家族全員が不思議な力を持っているのに、ひとりだけ「何もない」女の子が、迫る危機に立ち向かう物語だ。ラテン系の陽気な楽曲の数々と、舞台がほぼほぼ家の中だけなのにカラフルでギミック満載な画が続くのでとにかく楽しい。カーリーヘアーで眼鏡っ子のヒロイン、怪力を持つために周りから頼りにされるが故の悩みを持つお姉さん、シャイだけどヒロインと仲良しの5歳の男の子など、多彩で魅力的なキャラクター造形も見事。「疎外感」という普遍的な悩みに向き合う物語にはグッとくる方は多いはずだ。なお、劇場で同時上映されていた短編アニメ『ツリーから離れて』が本作と伝えているテーマの似た優れた作品なので、あわせて観てみてほしい。

『ミラベルと魔法だらけの家』(2021)の情報

監督:バイロン・ハワード、 ジャレド・ブッシュ
出演:ステファニー・ベアトリス、ジェシカ・ダロウ、マルーマ、ダイアン・ゲレロ ほか
1時間49分

Disney+で『ミラベルと魔法だらけの家』を観る

配信で観られるアカデミー賞ノミネート作⑭:『あの夏のルカ』

ノミネート:長編アニメ映画賞

海の中で暮らしていた「シー・モンスター」の男の子が、地上の世界へと足を踏み入れ、かけがえのない友情を育んでいくジュブナイル冒険物語だ。子どもは自転車レースに挑むまで努力を重ねるスポ根ものとして楽しめるし、大人は「あの頃にこういう友だちがいたなあ」というノスタルジーに浸れるだろう。人々の勝手な思い込みのせいで、身分を隠さなければならなくなる主人公の姿には、普遍的な差別や偏見についての問題提起も込められていた。

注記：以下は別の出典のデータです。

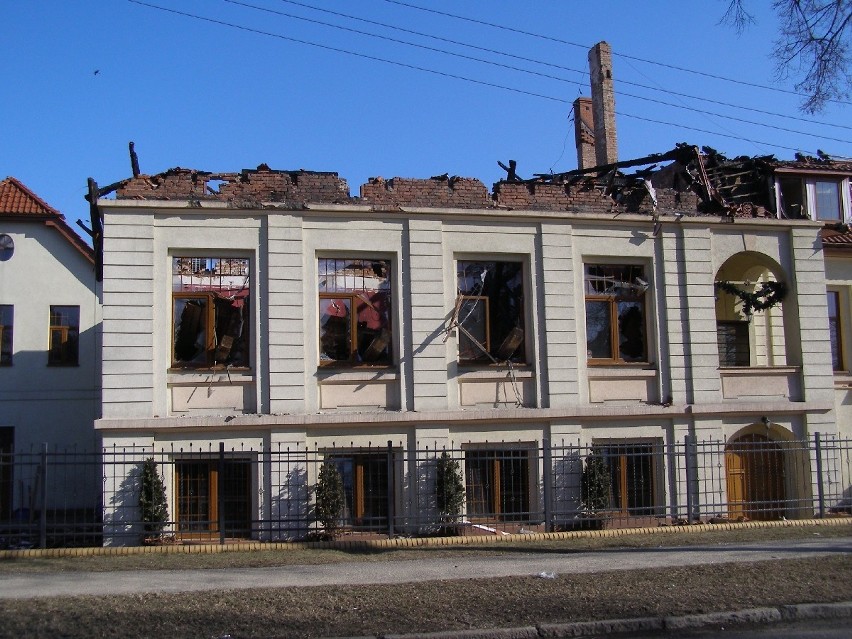Właściciel spalonej w sylwestrową noc restauracji Klasyka w Zabrzu rozebrał dach budynku [ZDJĘCIA]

ちなみにエンリコ・カサローザ監督は宮崎駿およびスタジオジブリ作品の大ファンで、舞台である北イタリアの港町の「ポルトロッソ」は、『紅の豚』(1992)の主人公の名前(および英題)の「PORCO ROSSO」から取られていたりもする。

『あの夏のルカ』(2021)の情報

監督:エンリコ・カサローザ
出演:ジェイコブ・トレンブレイ、ジャック・ディラン・グレイザー、エマ・バーマン ほか
1時間41分

Disney+で『あの夏のルカ』を観る

配信で観られるアカデミー賞ノミネート作⑮:『サマー・オブ・ソウル(あるいは、革命がテレビ放映されなかった時)』

ノミネート:長編ドキュメンタリー映画賞

1969年夏に開催され、30万人以上が参加した伝説の音楽フェス。地下室で約50年間も埋もれていたその映像に、参加者のインタビューを交えて構成したドキュメンタリーだ。主に描かれているのは、音楽が人々のカルチャーにいかに影響を与えていたかということ。エネルギッシュなライブ映像と共に、1960年代の歴史的出来事も次々に提示されているので、熱気に満ちた当時にタイムスリップしたかのような感覚も得られる。スティーヴィー・ワンダーを始めとした大スターも登場し、日本人でも聞いたことのあるナンバーも多いので、コロナ禍で縁遠くなってしまった人も多いであろう音楽フェスの熱気を思い出したい方にもおすすめだ。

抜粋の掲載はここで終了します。